14. The system of claim 13, wherein the at least one processor is further configured to group the plurality of NN parameters by:

for one or more pairs of NN parameters, calculate a correlation value representing a correlation between (i) a profile vector of a first NN parameter of the pair and (ii) a profile vector of a second NN parameter of the pair; and

group the plurality of NN parameters as members of modes based on the calculated correlation values.

15. The system of claim 13, wherein the at least one processor is further configured, for at least one mode of the plurality of modes, to:

select a first NN parameter, member of the at least one mode, as a reference NN parameter;

calculate a value of one or more affine function coefficients, representing a transform between the reference NN parameter and at least one second NN parameter, associated with the at least one mode; and

calculate the approximated value of the at least one second NN parameter based on: (i) the reference NN parameter, and (ii) the one or more corresponding affine function coefficient values.

16. The system of claim 13, wherein the at least one processor is further configured, for at least one mode of the plurality of modes, to:

obtain a reference profile vector, characterizing evolution of NN parameters of the mode through the plurality of training epochs;

calculate a value of one or more affine function coefficients, associated with one or more specific NN parameter of the mode, wherein said affine function coefficients represent a transform between (i) the profile vectors of the one or more specific NN parameters, and (ii) the reference profile vector; and

calculate the approximated value of the one or more specific NN parameters based on: (i) the reference profile vector, and (ii) the one or more affine function coefficient values.
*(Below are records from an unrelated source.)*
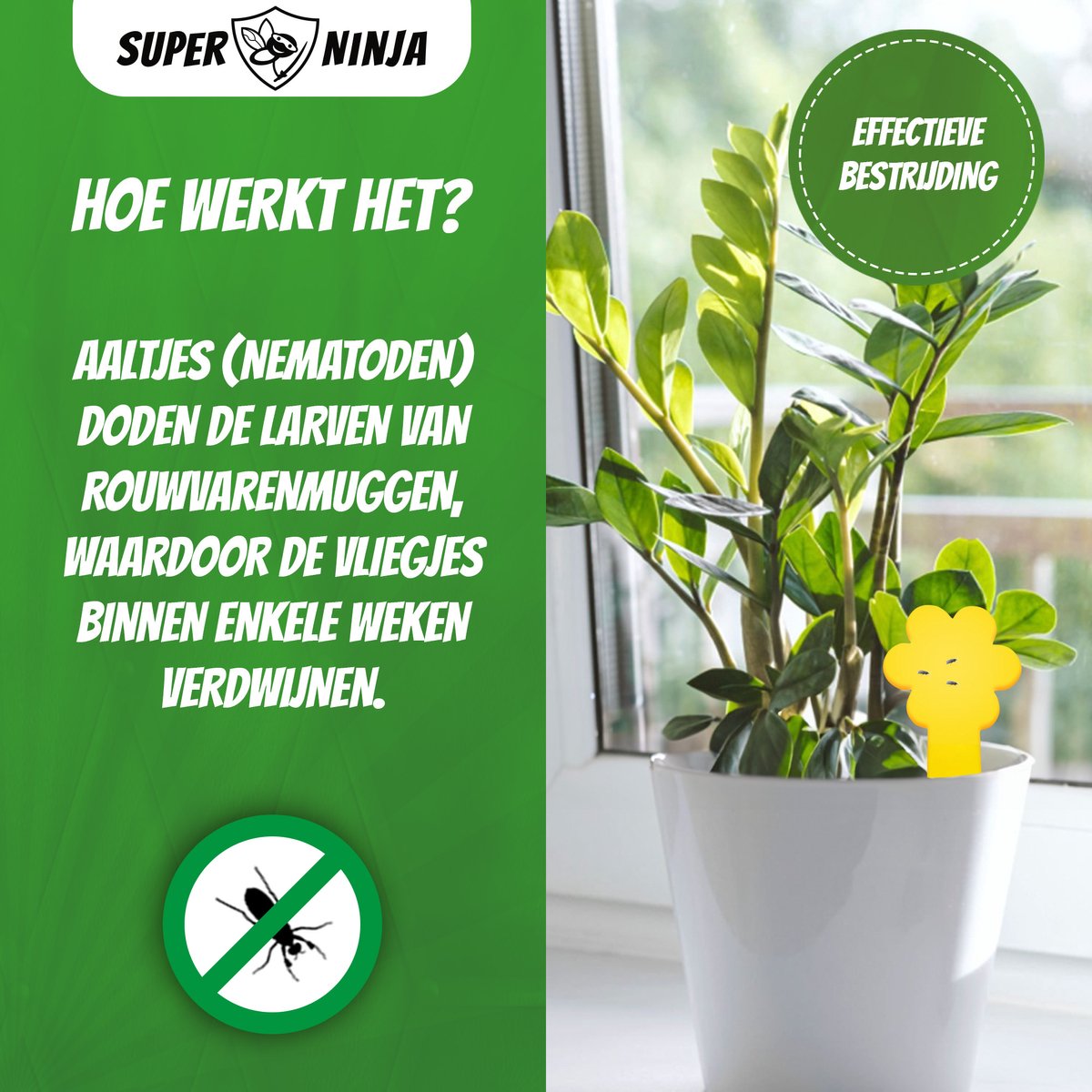 Super Ninja Combipakket tegen Rouwvliegjes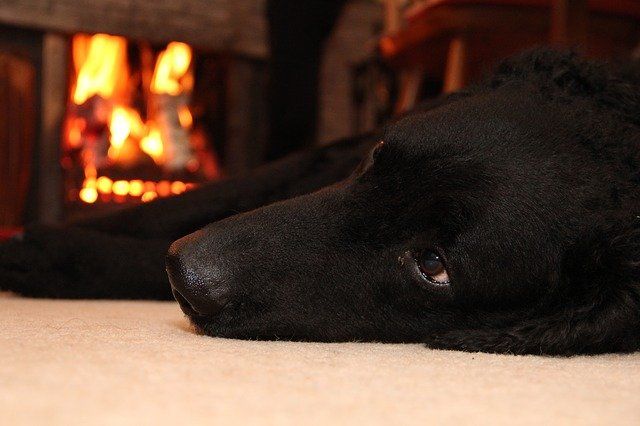 dog lying by a warm fire dog relaxing by the warm fire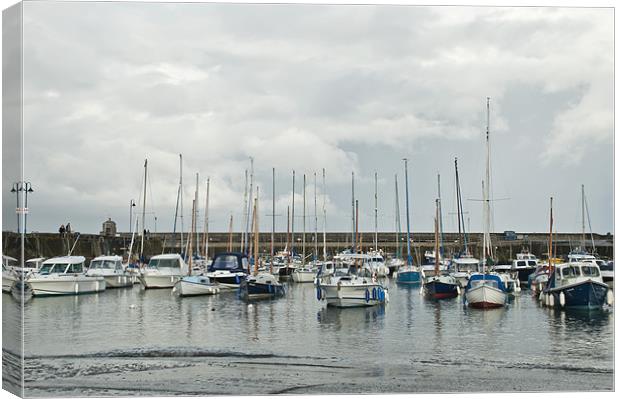 Saundersfoot Harbour Canvas Print by Steve Purnell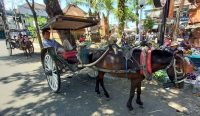 Foto: Pascapembongkaran Pasar Umum Negara (PUN) yang akan segera direvitalisasi, keberadaan kusir dokar tergusur dan pendapatan menurun. (Sumber: Yus/wacanabali)
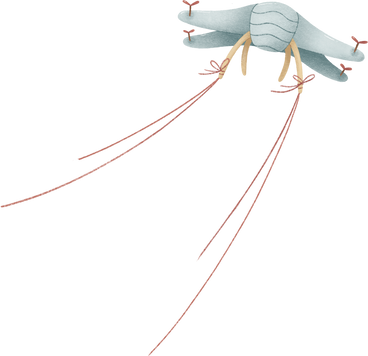 quadcopter with two ropes PNG, SVG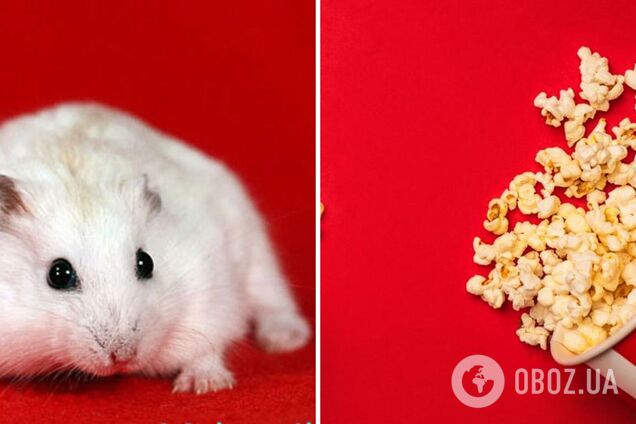 Подросток нашел хомяка в ведре с попкорном во время просмотра 'Человека-паука'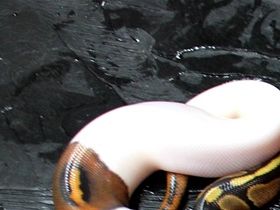 Aus der Verpaarung Orange Line Black pastel het pied x copper het pied...alles Männer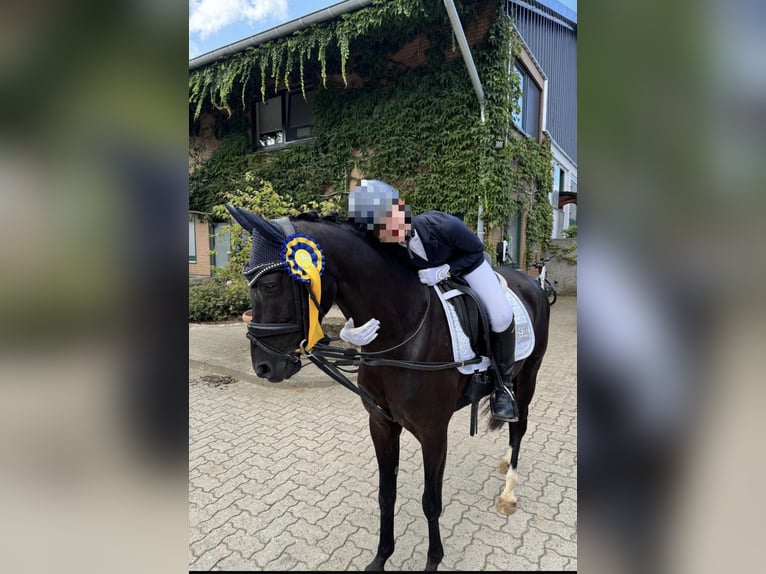 Poney de selle allemand Hongre 8 Ans 140 cm Noir in Rosdorf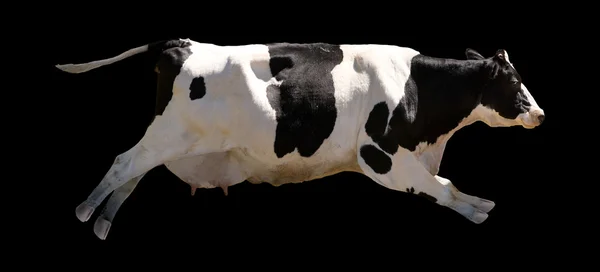 Летающая корова — стоковое фото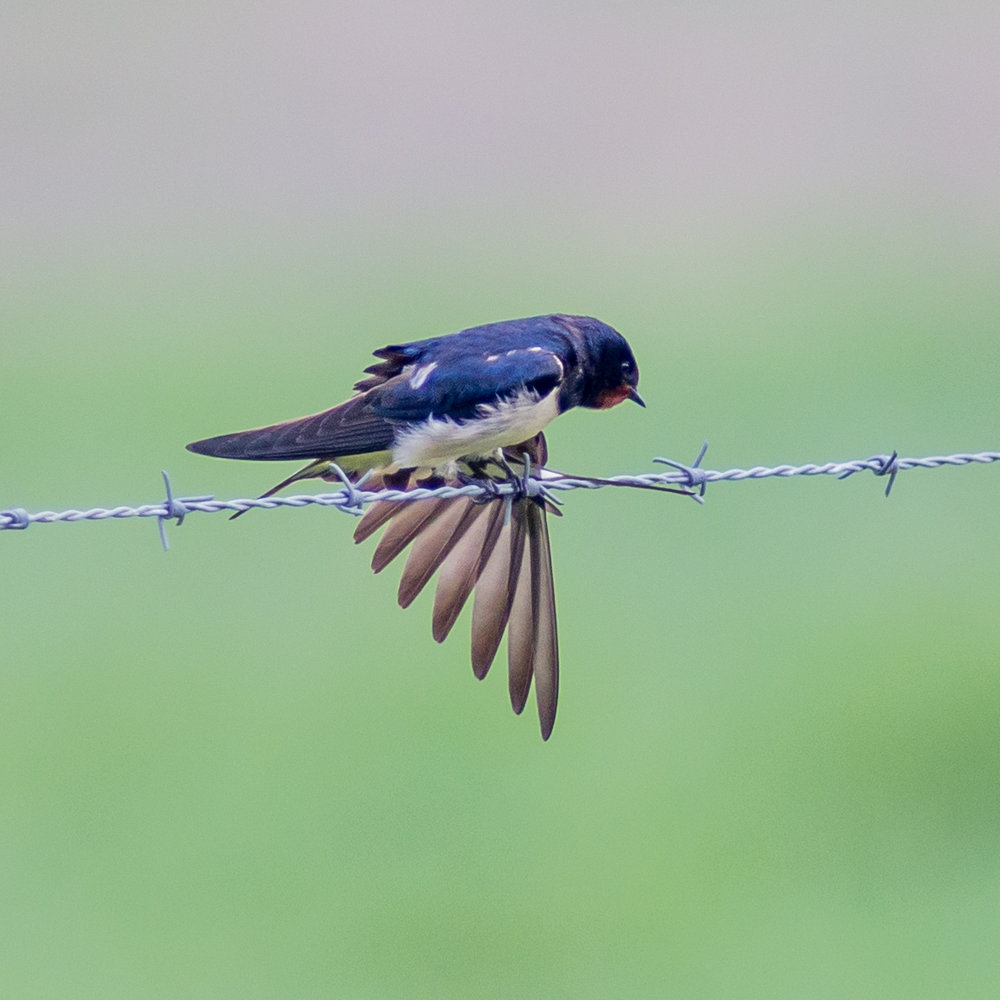Swallow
17. The system of claim 16, wherein training the NN model by the at least one processor further comprises, for at least one NN parameter of the plurality of NN parameters:

recalculating the associated affine function coefficient values between training epochs;

determining a status of stability of the affine function coefficient values, among consecutive training epochs, according to a predetermined stability metric; and

based on the stability status, refraining from calculating gradient descent of the at least one NN parameter.